Lightweight markup language for Python
Question
Programming a Python web application, I want to create a text area where the users can enter text in a lightweight markup language. The text will be imported to a html template and viewed on the page. Today I use this command to create the textarea, which allows users to enter any (html) text:
my_text = cgidata.getvalue('my_text', 'default_text')
ftable.AddRow([Label(_('Enter your text')),
TextArea('my_text', my_text, rows=8, cols=60).Format()])
How can I change this so that only some (safe, eventually lightweight) markup is allowed? All suggestions including sanitizers are welcome, as long as it easily integrates with Python.
Solution
Use the python markdown implementation
import markdown
mode = "remove" # or "replace" or "escape"
md = markdown.Markdown(safe_mode=mode)
html = md.convert(text)
It is very flexible, you can use various extensions, create your own etc.
OTHER TIPS
You could use restructured text . I'm not sure if it has a sanitizing option, but it's well supported by Python, and it generates all sorts of formats.
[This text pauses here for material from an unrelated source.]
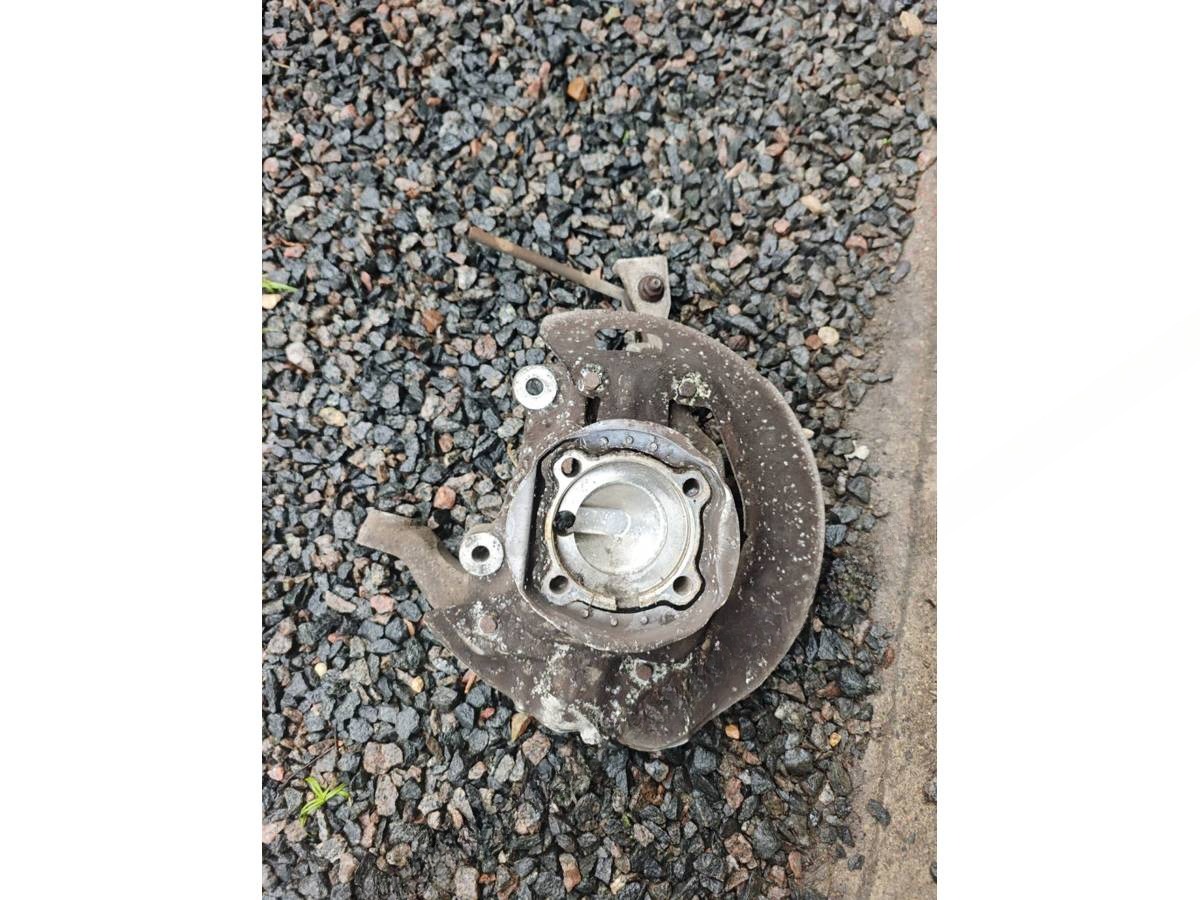 Поворотный кулак правый BMW E39, 2002 г., арт. 59067553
This simple sanitizing function uses a whitelist and is roughly the same as the solution of python-html-sanitizer-scrubber-filter, but also allows to limit the use of attributes (since you probably don't want someone to use, among others, the style
attribute):
from BeautifulSoup import BeautifulSoup
def sanitize_html(value):
valid_tags = 'p i b strong a pre br'.split()
valid_attrs = 'href src'.split()
soup = BeautifulSoup(value)
for tag in soup.findAll(True):
if tag.name not in valid_tags:
tag.hidden = True
tag.attrs = [(attr, val) for attr, val in tag.attrs if attr in valid_attrs]
return soup.renderContents().decode('utf8').replace('javascript:', '')